"Zooming In"


Reflections from teaching. With my private studio, I find that I end up teaching a similar topic all week. It's kind of ironic that all my students would need to focus on the same basic thing, or maybe it's just that I get focused in on that topic from one student and it permeates to the rest of them! This past week, it was "Zooming In" on the issues.


There are many times when we're practicing music were we get to a part of the piece that we an't quite play perfectly yet. My students have had one of two reactions to this: stopping and going back to the beginning or just passing by it all together. The students that stop and go back to the beginning seem to think that they'll get it the next time, "I never make that mistake at home." While they ones that go on seem to think that the problem will just fix itself if I move past it. However, both of these share the same result, the problem never gets fixed!


What I've encouraged my students to do is to "Zoom In" on the problem area. If it's the entire measure, isolate it and slow it down. I usually tell them to half tempo. This sometimes is followed by note grouping as well; that is, grouping the notes in a manner that isn't the way the rhythm requires the music to be beamed.


For Example, a student was working on the following excerpt from the David Hite Melodious and Progressive Studies for clarinet.
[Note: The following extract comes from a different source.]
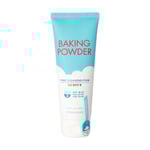 [ETUDE] Baking Powder Pore Cleansing Foam 160ml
She was going along fine, until this section of music where she encountered accidentals. She struggled through these last two measures, and then after that, she was fine again. We tried slowing the music down, but that alone wasn't the solution. We "Zoomed In" to figure out which notes really belonged together. We came up with the solution marked in red.

Note Grouping Example

After, we played the section, 3 notes at a time, using the marked red lines. After that, I had her play it normally, but still thinking about this note grouping. She played it almost flawlessly, and the next time, it was perfect. After she "Zoomed In" on the problem, she was able to zoom out to see the bigger picture.


This is a method that I use in my own practice, and it helped me with a few auditions, recitals and other concerts. So, if you find yourself in a bind with some music, try "Zooming In" to see the finer details!